Home prices have once again started to rise, making significant gains for the first time since the housing bubble burst in 2007. While that's good news for sellers, it could be bad news for the nation's economy. Joseph Giglio, an executive professor of general management in the D'Amore-McKim School of Business, warns that rising home prices could be a prescient sign of another housing bubble.
What caused the housing bubble that began in the early 1990s and burst in 2007? How might those same issues resurface as housing prices once again begin to climb?

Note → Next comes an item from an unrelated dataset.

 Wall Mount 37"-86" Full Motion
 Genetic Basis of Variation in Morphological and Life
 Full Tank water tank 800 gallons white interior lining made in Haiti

Historically, the economy drove real estate and housing, so job creation and wage growth were the key drivers of home purchases. Buyers would save for a down payment, get approved for a mortgage, and then go shopping to buy a home. While interest rates were an important factor, it was the economy that mattered most. But the housing cycle from 2000 to 2007 was different. America saw the creation of a housing bubble, encouraged by low interest rate policies implemented by the Federal Reserve in the wake of the 2000 stock market crash and the recession that was caused when the dot-com bubble burst.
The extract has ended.